Polerius: Forgetting the pork issue for a moment, as a general rule, we don’t want companies with policies that force their employees to do things we wouldn’t like forced on us.

But that cuts both ways: the Muslim employees doubtless don’t want company policies that force their employees to do things like they wouldn’t like forced on them, like eating in a non-halal kitchen where they’re not able to use the microwave. Saying “they should drop their silly superstition” is no more logical than saying “she should drop her silly insistence on eating pork in the company lunchroom”.

That said, I think issues like this make very valuable debates, because they’ll get us to think about what workplace rights really ought to be. Too often, in my experience, people just automatically espouse the standard “right to work” position that the employer gets to set the rules for workplace behavior, and gets to fire any employee who objects to any of the rules, period.

Many people who seem to have no problem with this approach when it involves employers firing teenagers for wearing nose rings become less comfortable with it when it involves Muslim employers firing non-Muslim employees for eating pork in the cafeteria. IMO this will produce more thoughtful consideration of these issues on all sides and we’ll get better conflict resolution for them.

There is no federal legal restriction against discriminatory practices regarding sexual orientation, you know. (Outside of some federal jobs.) So you will now happily remain quiet when/if said discrimination occurs, I suppose?

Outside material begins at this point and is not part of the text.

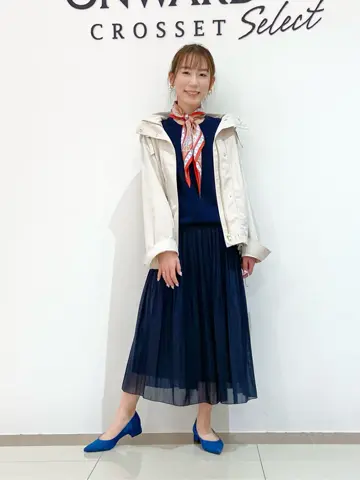 ONWARD CROSSET SELECT スタッフ コーディネート画像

Well, it seems to me that they fired an extremely rude, selfish person who obviously didn’t give a damn about her coworkers, and obviously didn’t give a damn that they wouldn’t be able to use the microwave, would be grossed out, would have to be terribly inconvenienced because she wanted to eat pork. Not because pork is the only thing she can eat, not because she is unable to eat pork at any other time, not because the lack of pork as a lunch meat means that she will become ill, but because she can eat pork, so by damn, she’s gonna do it, no matter what. And the hell with how messed up it makes the kitchen for everyone else.

What employer would want such a selfish cow working for them? The employers should have been far smarter about making sure the rule was in writing, or firing her for some other offense. It also sounds like the employers were going overboard by not wanting it in the parking lot (for crying out loud), but the fact remains, she was a selfish cow and if I worked there, I’d be glad to get rid of her too, even though I’m not Muslim. Because she sounds like a selfish, inconsiderate cow.